Meraviglioso, pensò, quando nemmeno io so gestire i miei.
Poi suonò la campana e la scuola si vuotò e, dopo aver finito il lavoro, dopo aver firmato l’ultima lettera rimasta sulla sua scrivania, si diresse verso casa.
Il sole si stava già accucciando dietro le punte degli alberi; davanti a lui, sul marciapiede, si muovevano ombre scheletriche e sapeva che non sarebbe riuscito a evitare di andare alla Nord, dopo cena, per ascoltare il programma vocale della scuola. Avrebbe preferito sistemare i piedi sul tavolino e guardare alla TV la partita di football o un film, oppure attraversare la strada per andare da John Delfield a giocare con il suo stupido bassotto o a fare qualche partitina a carte. Avrebbe preferito chiamare Chris per invitarla a casa a fare una bella scopata.

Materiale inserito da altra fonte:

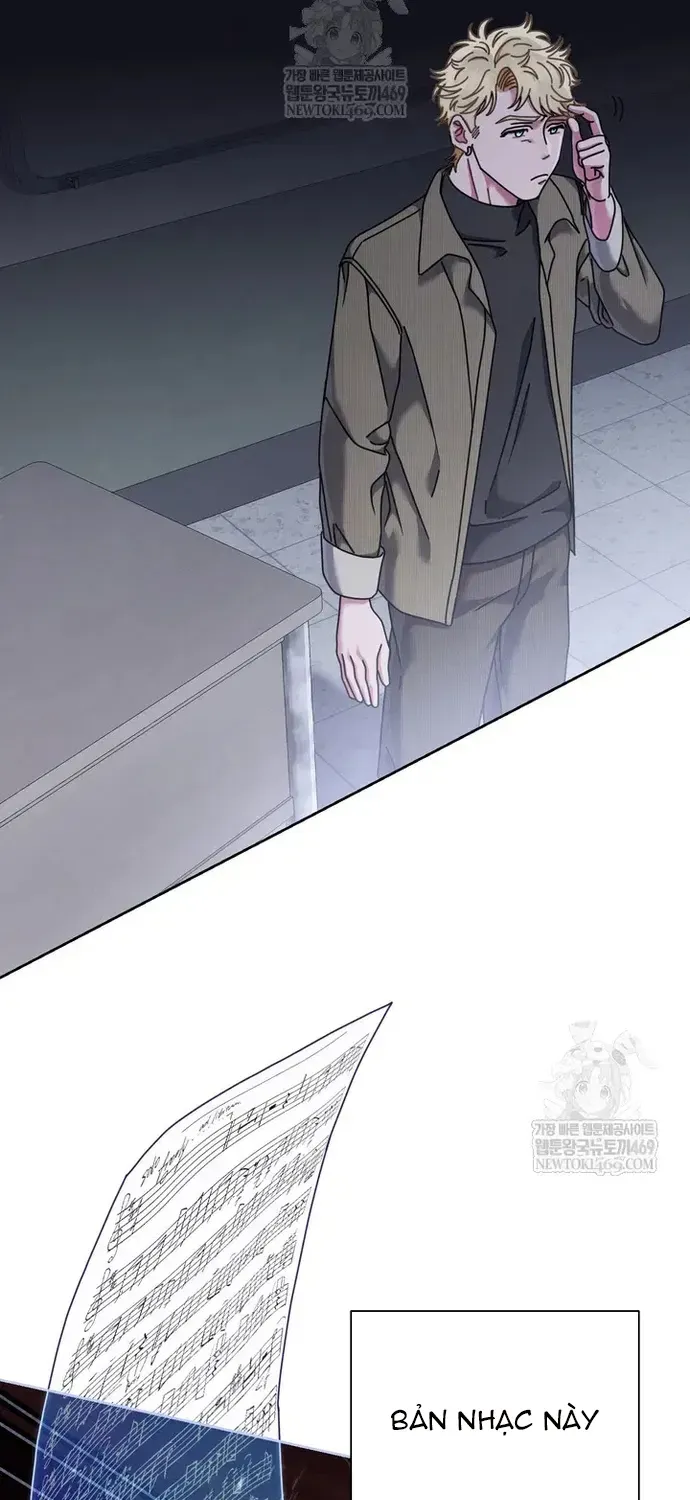 Thiên Tài Âm Nhạc Trường Trung Học Chap 85 - Next Chap 84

Si fermò all’inizio del vialetto, si grattò il naso e si accorse delle prime stelle che luccicavano debolmente sopra la casa.

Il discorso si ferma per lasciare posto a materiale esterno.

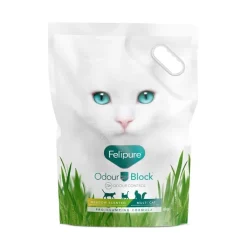 Felipure Meadow Scented Multi Cat Litter Sale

Problemi, pensò di nuovo, e non si mise a correre quando sentì il rumore alle sue spalle, qualcosa di grande e lento che colpiva l’asfalto. Sembrava un cavallo, ma non aveva voglia di guardare; primo, perché era impossibile; secondo, perché si ricordò dell’ombra che aveva visto nel laghetto qualche giorno prima.
Non era normale; non era amichevole.
Adam Hedley fissò le fotocopie dei rapporti di laboratorio che aveva scritto a macchina lui stesso la mattina prima e accorgendosi di aver fatto un errore, emise un gemito che rimbombò per tutta la casa. Un errore di disattenzione. Non aveva mai commesso uno sbaglio del genere in tutta la sua vita.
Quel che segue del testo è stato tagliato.